Im Jahr 2025 stellten offizielle Folgenabschätzungen fest, dass die Legalisierung des assistierten Sterbens zu „erheblichen Kosteneinsparungen“ für das NHS und das staatliche Rentensystem führen würde – allein für Renten auf bis zu 18,3 Millionen Pfund innerhalb eines Jahrzehnts geschätzt. Die Folgenabschätzung zum Terminally Ill Adults (End of Life) Bill (Mai 2025) bezifferte offiziell die Auswirkungen auf „Leistungen und Renten“. Sie schätzte, dass der Staat bis zum zehnten Jahr jährlich rund 27,7 Millionen Pfund an nicht ausgezahlten Renten- und Sozialleistungen aufgrund assistierter Todesfälle einsparen würde.

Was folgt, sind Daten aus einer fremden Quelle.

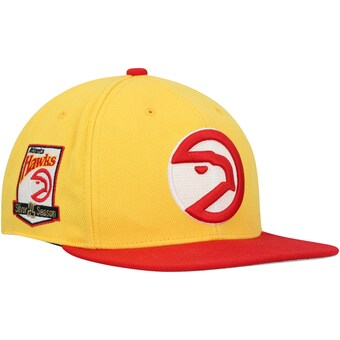 Atlanta Hawks Mitchell & Ness Hardwood Classics 25th Anniversary Team Side Fitted Hat - Yellow/Red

Durch die beschleunigte „Ausgliederung“ der nicht produktiven älteren Bevölkerung (was ist eigentlich aus dem COVID-Marketing-Slogan „Oma retten“ geworden?) streicht das System Milliarden an zukünftigen Rentenverpflichtungen aus der staatlichen Bilanz.
Wie geht es weiter – was können wir erwarten? Wir werden erleben, dass die Elite die Erzählung des permanenten Notstands unter dem Deckmantel der Klimakrise und der russischen Bedrohung weiter ausrollt, um die ideologische Disziplin zu liefern, die nötig ist, um eine verschärfte Austerität zu rechtfertigen. Gleichzeitig werden digitale Identitäten und digitale Zentralbankwährungen ein System totaler Überwachung schaffen. In diesem entstehenden System wird der Bürger durch das „verwaltete Subjekt“ ersetzt, dessen Zugang zur Wirtschaft von einem Sozialkreditscore abhängig ist.